MANILA, Philippines — MP Promotions head Sean Gibbons is convinced the early rounds will determine the outcome of the WBA welterweight unification title showdown between rival champions Manny Pacquiao and Keith Thurman at the MGM Grand Garden Arena in Las Vegas on July 20 with the expectation that the fight won’t go the distance.

“The best thing about Thurman is his athleticism,” said Gibbons in a phone interview yesterday. “He’s not a lights-out puncher who can take you out with one shot. He’s a smart guy. He likes to move and boxes a lot and I think it’s because he doesn’t take a good punch to the head or body. The way I see it, if Thurman fights like he did against (Josesito) Lopez (last January), he’s getting knocked out.”

Gibbons said Thurman isn’t fighting an ordinary 40-year-old boxer. “This is not just about a 40-year-old fighting a 30-year-old,” he said. “If Thurman is athletic, so is the Senator who’s an eight-division world champion and super athletic himself. Thurman is fighting a non-conventional southpaw. The Senator is not a normal guy. There’s no way Thurman can prepare for the Senator with a fight-alike sparmate because nobody is like the Senator. The first three rounds will give us an idea of how the fight ends, if it goes the distance or not.”

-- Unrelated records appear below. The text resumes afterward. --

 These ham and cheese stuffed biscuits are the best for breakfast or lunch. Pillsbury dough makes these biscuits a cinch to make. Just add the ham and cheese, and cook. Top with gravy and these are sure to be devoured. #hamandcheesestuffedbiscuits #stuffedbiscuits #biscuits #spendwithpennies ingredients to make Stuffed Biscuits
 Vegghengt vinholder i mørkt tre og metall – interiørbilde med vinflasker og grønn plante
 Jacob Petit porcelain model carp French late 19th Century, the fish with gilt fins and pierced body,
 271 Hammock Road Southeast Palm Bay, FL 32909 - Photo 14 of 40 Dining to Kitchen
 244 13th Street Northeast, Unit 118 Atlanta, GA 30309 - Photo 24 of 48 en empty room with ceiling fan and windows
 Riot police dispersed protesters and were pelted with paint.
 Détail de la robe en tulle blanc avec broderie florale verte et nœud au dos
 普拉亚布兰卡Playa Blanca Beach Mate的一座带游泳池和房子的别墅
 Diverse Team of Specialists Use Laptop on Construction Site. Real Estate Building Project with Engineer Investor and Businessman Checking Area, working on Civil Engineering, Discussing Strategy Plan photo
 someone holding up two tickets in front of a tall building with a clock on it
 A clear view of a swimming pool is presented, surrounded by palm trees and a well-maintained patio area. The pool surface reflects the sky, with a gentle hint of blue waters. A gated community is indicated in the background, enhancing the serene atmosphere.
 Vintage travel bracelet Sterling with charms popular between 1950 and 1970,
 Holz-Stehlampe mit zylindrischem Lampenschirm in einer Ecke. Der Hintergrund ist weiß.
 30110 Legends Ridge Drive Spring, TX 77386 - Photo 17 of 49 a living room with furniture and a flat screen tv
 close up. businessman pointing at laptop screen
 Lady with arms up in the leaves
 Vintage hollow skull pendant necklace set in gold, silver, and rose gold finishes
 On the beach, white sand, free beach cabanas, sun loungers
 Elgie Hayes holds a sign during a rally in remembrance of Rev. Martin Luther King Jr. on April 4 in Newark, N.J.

Pacquiao was scheduled to leave Manila for Los Angeles last night. He was booked to spar with WBO Oriental superfeatherweight champion Jaber Zayani of France and Zamboanga del Sur superfeatherweight Jestoni Autida at the Elorde Gym near MOA yesterday afternoon. Zayani, 28, sparred three rounds with Pacquiao last Tuesday while Autida, 28, did two last Thursday. Another sparring partner Tim Tszyu of Australia sparred over 20 rounds in two weeks and went back to Sydney last Thursday.

Zayani totes a 16-0 record, with 9 KOs. Gibbons said he was already in Manila and volunteered his services. Zayani turned pro in Canada in 2012 then had seven fights in France before seeing action in the US, back to France, Mexico, twice in Thailand and in his last two outings, in the Philippines. Last April, he stopped Ciso Morales in one round in Iligan City. “No idea who brought him in,” said Gibbons, “but he gets around.” Autida is a journeyman with an 11-11 record, including 5 KOs. Pacquiao went six rounds of sparring last Thursday and will ramp up to eight to 10 to 12 in L.A. before tapering off.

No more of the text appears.